INSTRUCTIONS TO FOLLOW - Each record that follows is to be transcribed exactly, excluding its images.

Segment Open

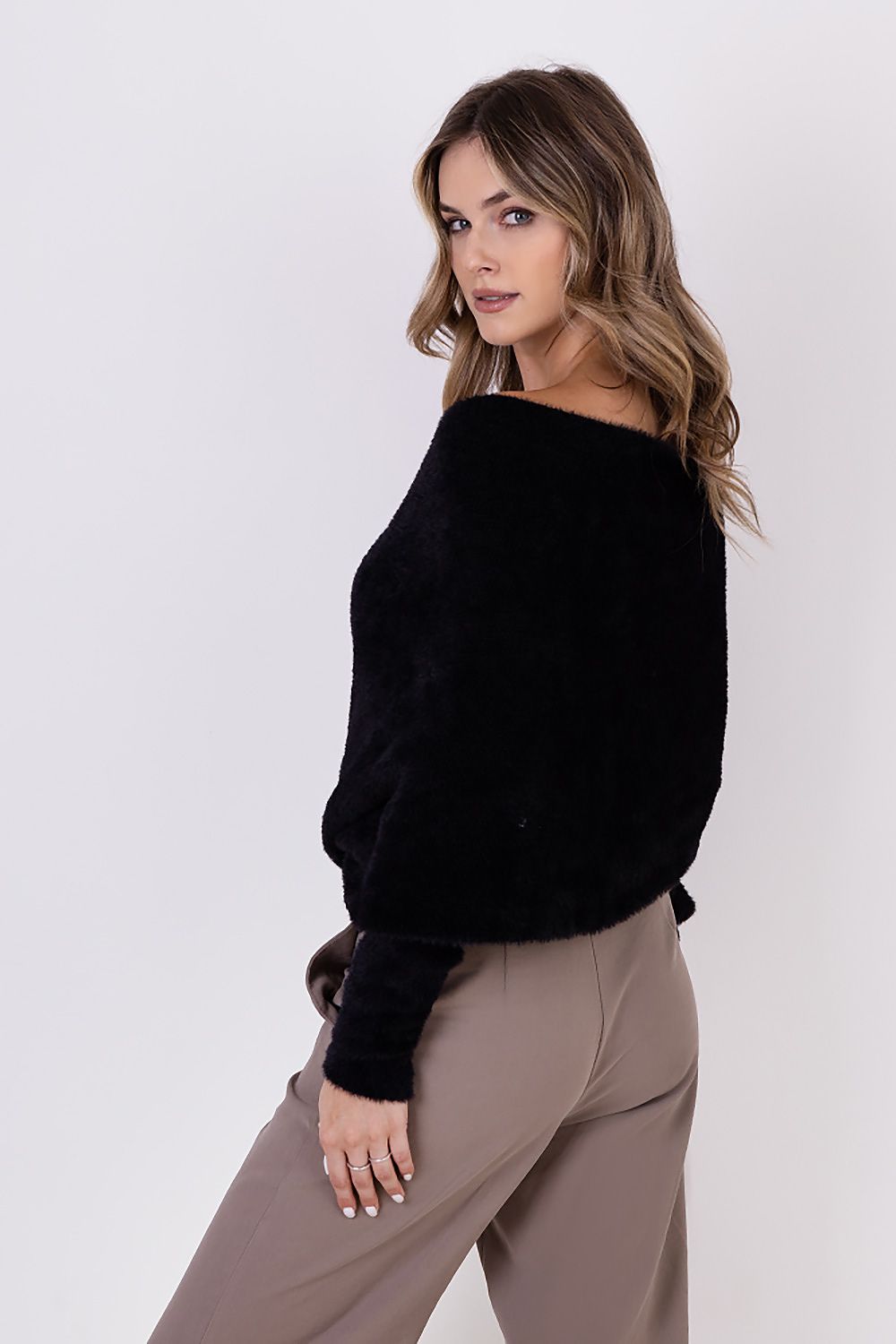 Maglione a maniche lunghe - Nibe Clothing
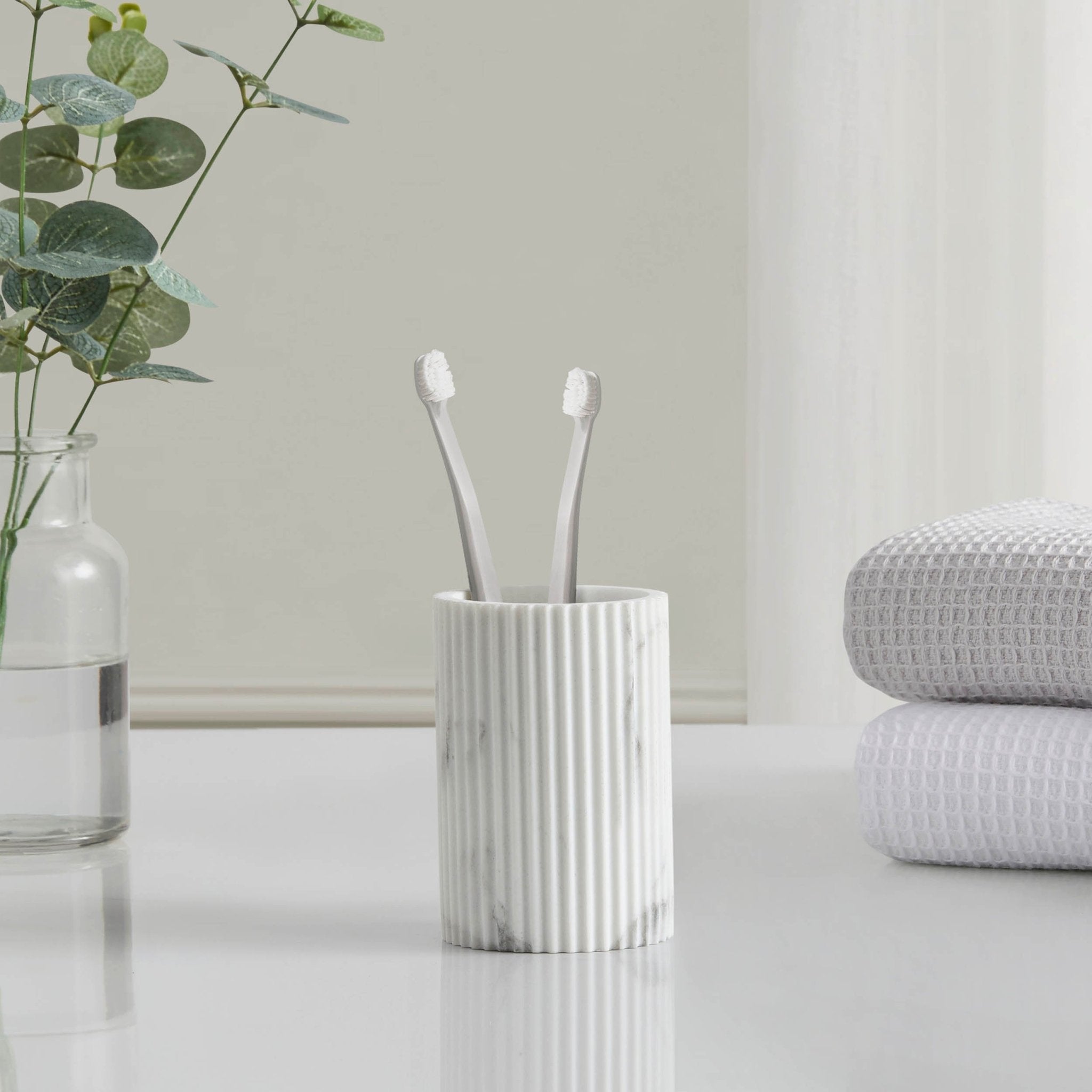 Ensemble d'accessoires de salle de bain Athena - Lot de 3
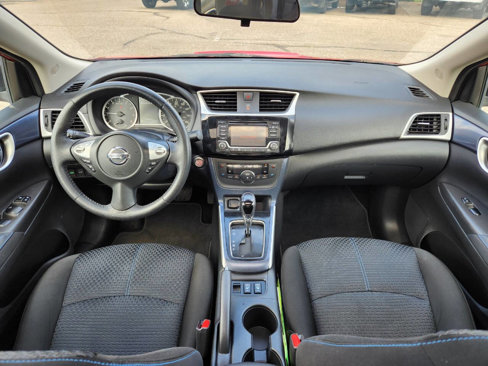 Used 2018 Nissan Sentra SR Turbo image 3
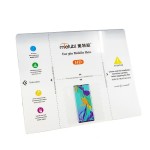 Защитная пленка гидрогелевая Mietubl (120*180mm) Прозрачная 360* Full Protection (1 шт)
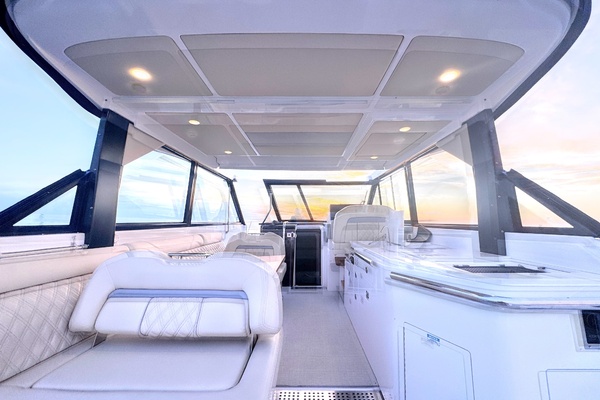 Save My Seat Again 36ft Regal Yacht For Sale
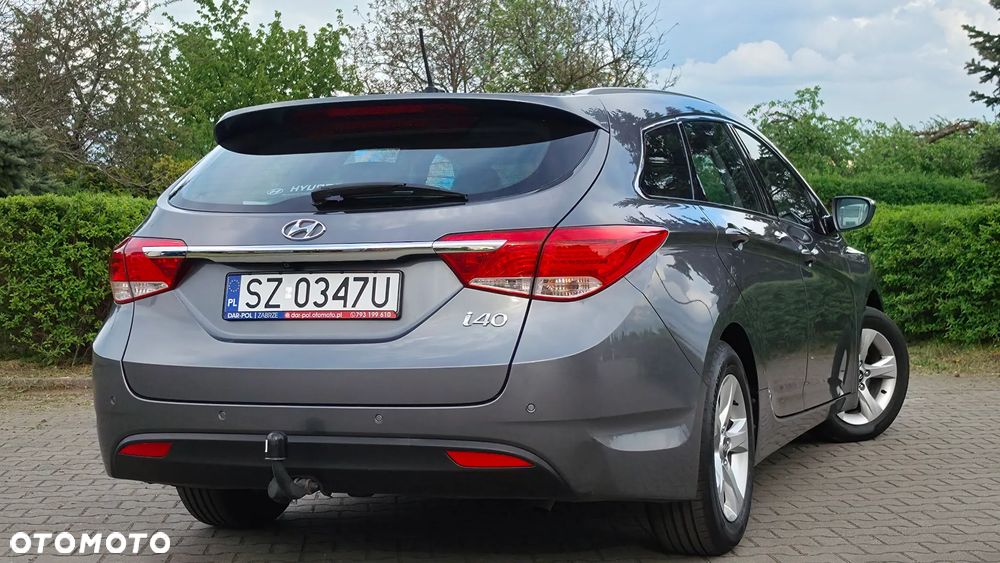 Hyundai i40 Kombi 1.7 CRDi Premium - 6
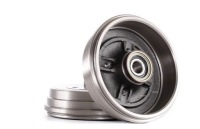 фото thumb №13, 2x bębne тормозные ridex 123b0082 ø203,3mm зад do renault clio iii van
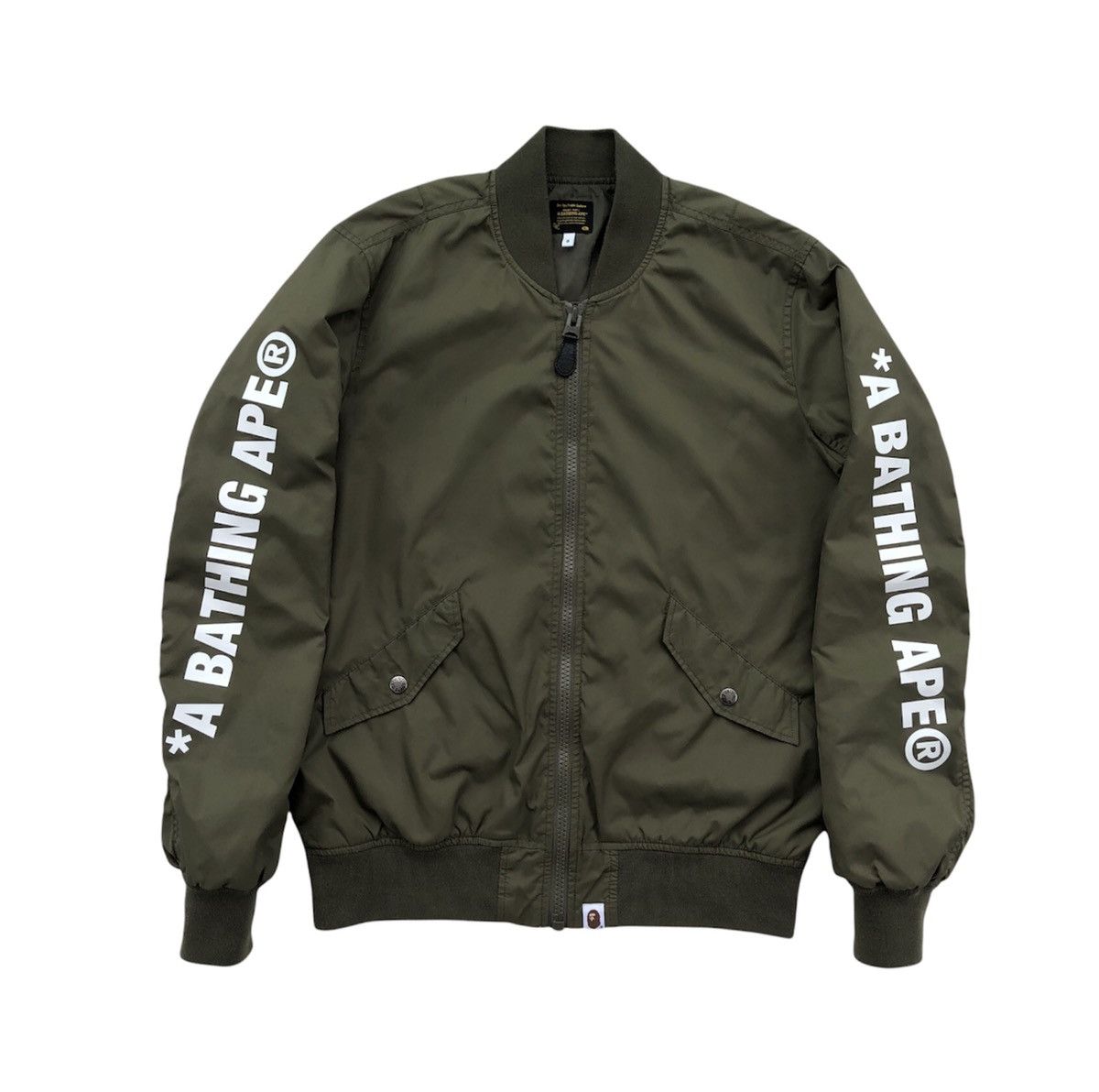 Bape Happy New Year 2018 Military Jacket Size US S / EU 44-46 / 1 - 7 Thumbnail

Segment Closed

REPLY TO THE TASK -
 Maglione a maniche lunghe - Nibe Clothing
 Ensemble d'accessoires de salle de bain Athena - Lot de 3
 Used 2018 Nissan Sentra SR Turbo image 3
 Защитная пленка гидрогелевая Mietubl (120*180mm) Прозрачная 360* Full Protection (1 шт)
 Save My Seat Again 36ft Regal Yacht For Sale
 Hyundai i40 Kombi 1.7 CRDi Premium - 6
 фото thumb №13, 2x bębne тормозные ridex 123b0082 ø203,3mm зад do renault clio iii van
 Bape Happy New Year 2018 Military Jacket Size US S / EU 44-46 / 1 - 7 Thumbnail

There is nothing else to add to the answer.